Transcribe each record precisely; images stay out.

● Excerpted records

[Start of section]

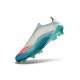 Zapatillas adidas F50 + Sin Cordones FG X Messi Ftwr Blanco Rosa Lúcido Flash Agua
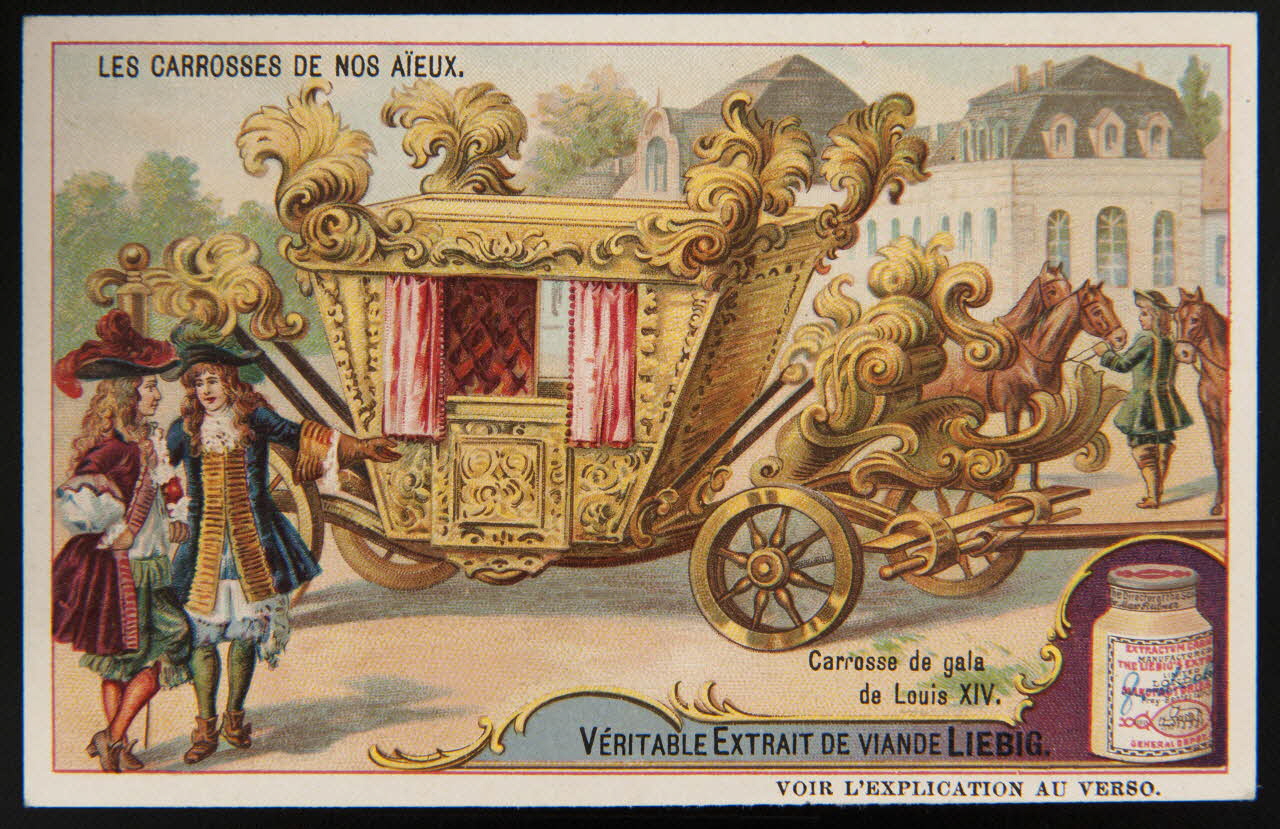Liebig carte réclame chromo Paris 1909 1995.1.2275.2 Photo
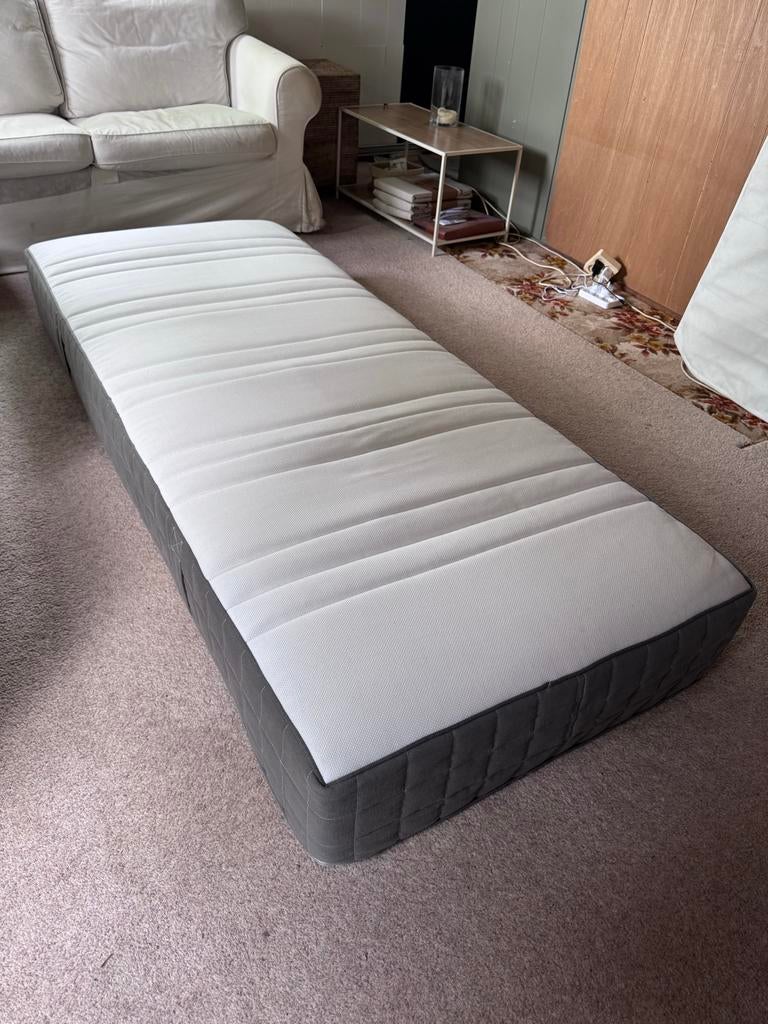 IKEA Hövåg matras met pocketvering en bedvering., 90 cm, Eenpersoons, Ophalen of Verzenden, Zo goed als nieuw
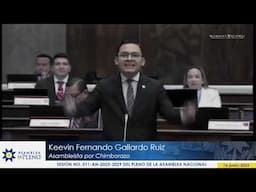 Asambleísta Kevin Gallardo - Sesión 011 - #LeyIntegridadPública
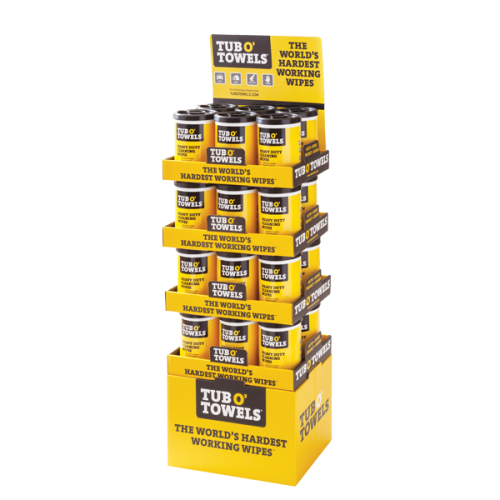 TUB O&#39; TOWELS HEAVY DUTY  CLEANING WIPES (90 PER TUB)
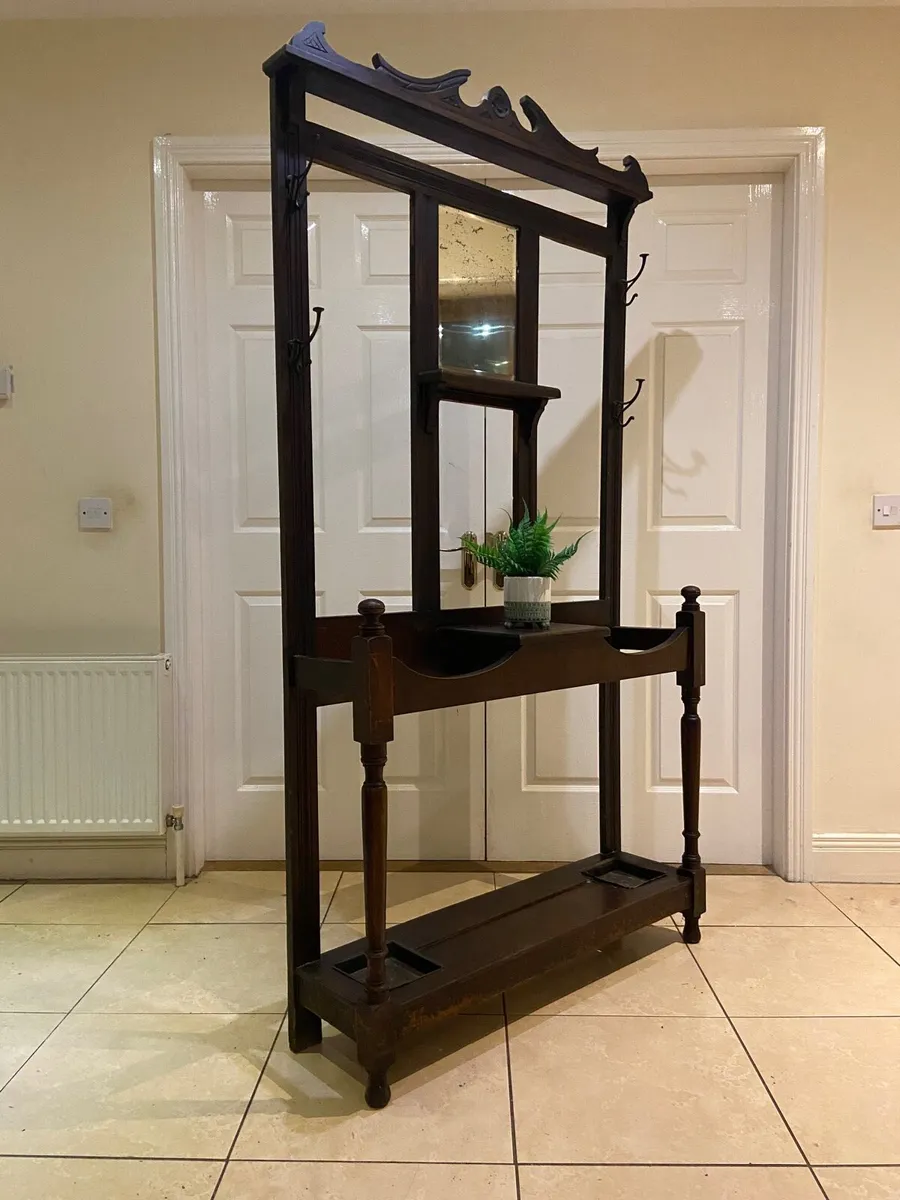 Victorian hallway coat stand - Image 3
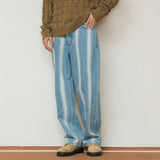 バーティカルウォッシュドデニムパンツ/VERTICAL WASHED DENIM_BLUE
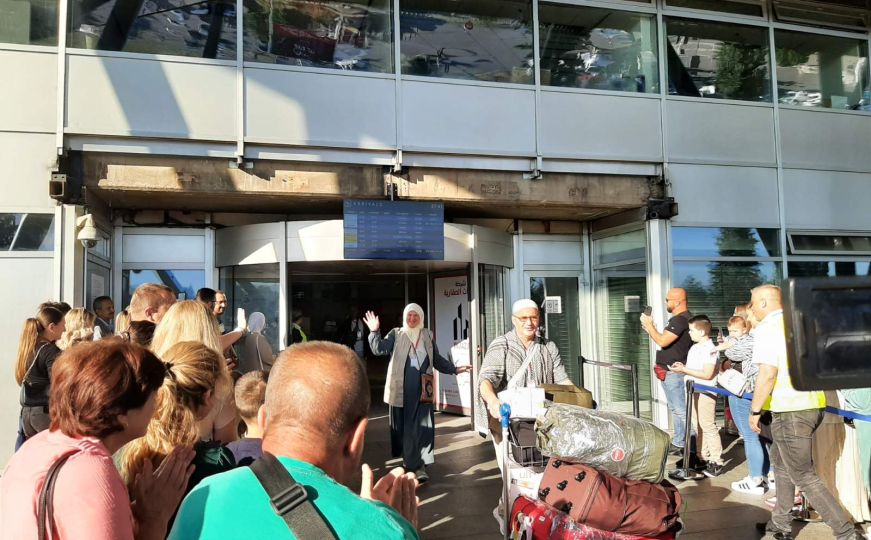 Dolazak hadžija na Međunarodni aerodrom u Sarajevu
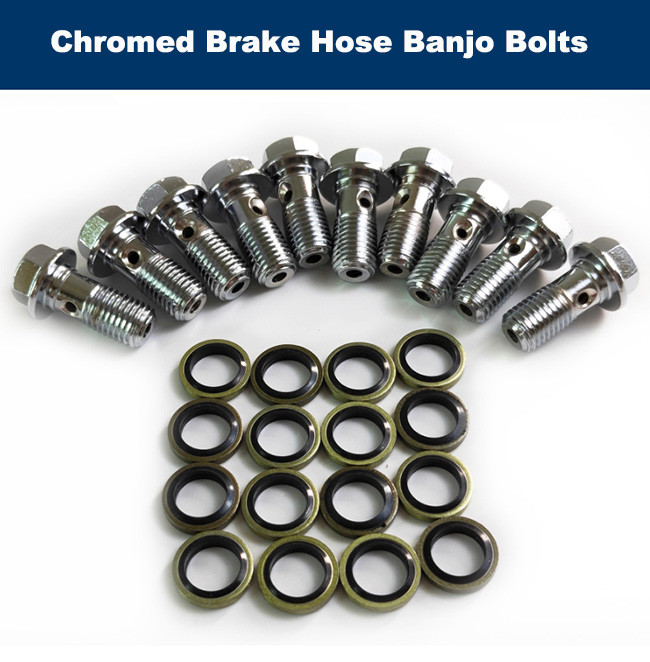 Corrosion Resistant Brake Hose Banjo Bolt M10 23mm Hydraulic Banjo Fittings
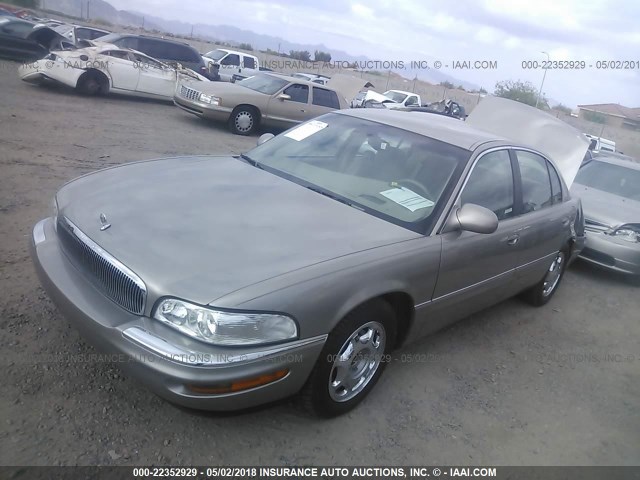 1G4CW52K9Y4127000 - 2000 BUICK PARK AVENUE  GRAY photo 2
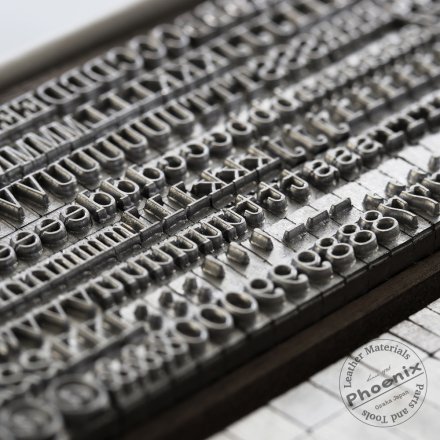 フォントバラ売り】タイプライターニューフェース 12pt(大文字A-Z)【取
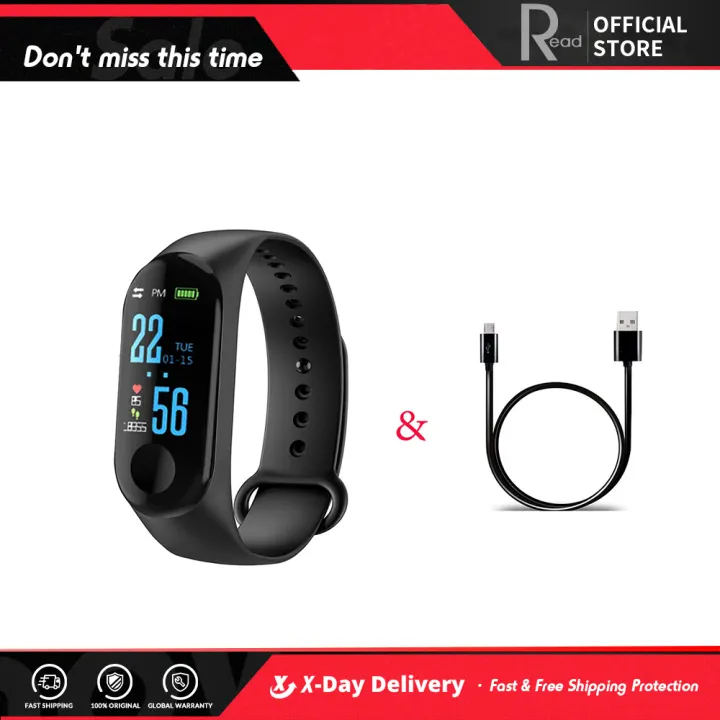 Read M3 Plus Smart Watch Fitness Tracker Smart Band Waterproof Smart Bracelet For Android Ios Lazada Singapore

[End of section]

● Solution for this problem
 Zapatillas adidas F50 + Sin Cordones FG X Messi Ftwr Blanco Rosa Lúcido Flash Agua
Liebig carte réclame chromo Paris 1909 1995.1.2275.2 Photo
 IKEA Hövåg matras met pocketvering en bedvering., 90 cm, Eenpersoons, Ophalen of Verzenden, Zo goed als nieuw
 Asambleísta Kevin Gallardo - Sesión 011 - #LeyIntegridadPública
 TUB O&#39; TOWELS HEAVY DUTY  CLEANING WIPES (90 PER TUB)
 Victorian hallway coat stand - Image 3
 バーティカルウォッシュドデニムパンツ/VERTICAL WASHED DENIM_BLUE
 Dolazak hadžija na Međunarodni aerodrom u Sarajevu
 Corrosion Resistant Brake Hose Banjo Bolt M10 23mm Hydraulic Banjo Fittings
 1G4CW52K9Y4127000 - 2000 BUICK PARK AVENUE  GRAY photo 2
 フォントバラ売り】タイプライターニューフェース 12pt(大文字A-Z)【取
 Read M3 Plus Smart Watch Fitness Tracker Smart Band Waterproof Smart Bracelet For Android Ios Lazada Singapore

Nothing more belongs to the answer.